> Records for this task
* * * *

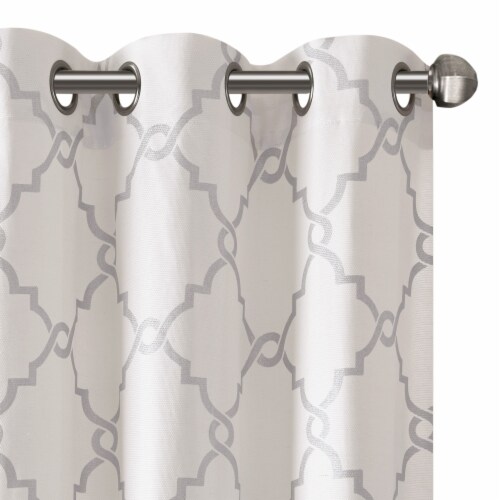 Madison Park Westmont Fretwork Print Grommet Top Window Curtain - Ivory Perspective: top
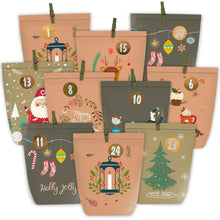 Adventskalender DIY 24 Papiertüten Zahlen-Sticker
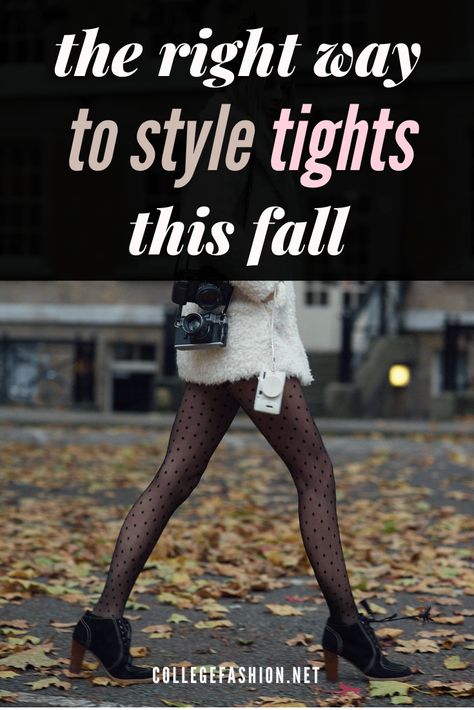 How To Style Tights Outfits, Dresses With Tights Fall, Converse And Tights Outfits, How To Wear Tights 2023, How To Wear Colored Tights, Tights With Sweater Dress, Fall Mini Skirt Outfit Tights, Outfits With Patterned Tights, Best Tights For Women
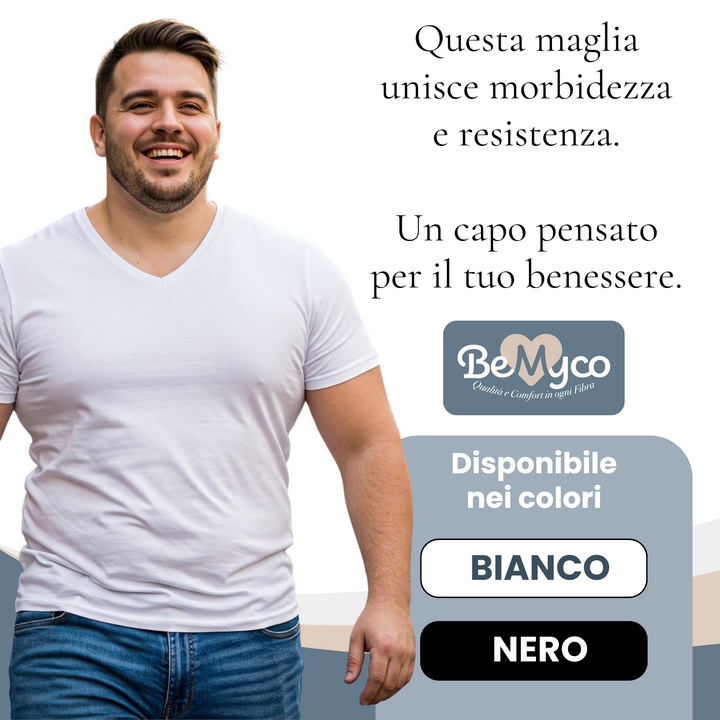 Maglia Intima Uomo Intimo TAGLIE FORTI Cotone Puro 100% Maglietta Scollo a V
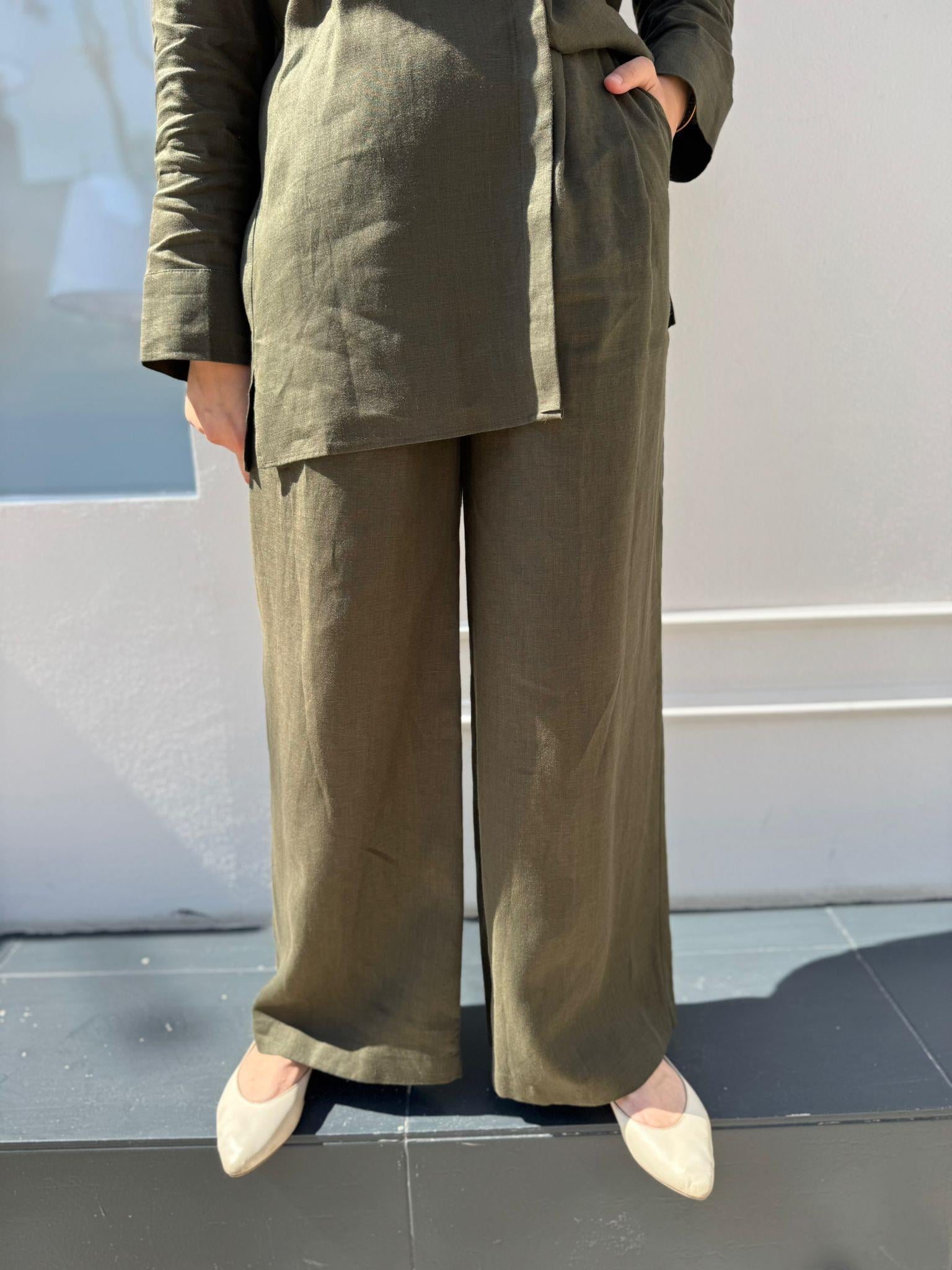 TD4555 Keten Bol Paça Düğmeli Pantolon Haki Yeşil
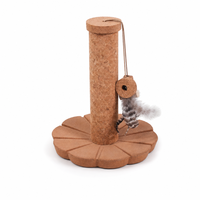 Rascador para Gatos de Corcho Lotus Base, Corcho Puro, 260 mm x 320 mm, Juguete Rascador Natural para Gatos de Interior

* * * *

> Directions
In the copy, leave out the pictures and restate the records exactly.

> Solution to the exercise
 Madison Park Westmont Fretwork Print Grommet Top Window Curtain - Ivory Perspective: top
 Adventskalender DIY 24 Papiertüten Zahlen-Sticker
 How To Style Tights Outfits, Dresses With Tights Fall, Converse And Tights Outfits, How To Wear Tights 2023, How To Wear Colored Tights, Tights With Sweater Dress, Fall Mini Skirt Outfit Tights, Outfits With Patterned Tights, Best Tights For Women
 Maglia Intima Uomo Intimo TAGLIE FORTI Cotone Puro 100% Maglietta Scollo a V
 TD4555 Keten Bol Paça Düğmeli Pantolon Haki Yeşil
 Rascador para Gatos de Corcho Lotus Base, Corcho Puro, 260 mm x 320 mm, Juguete Rascador Natural para Gatos de Interior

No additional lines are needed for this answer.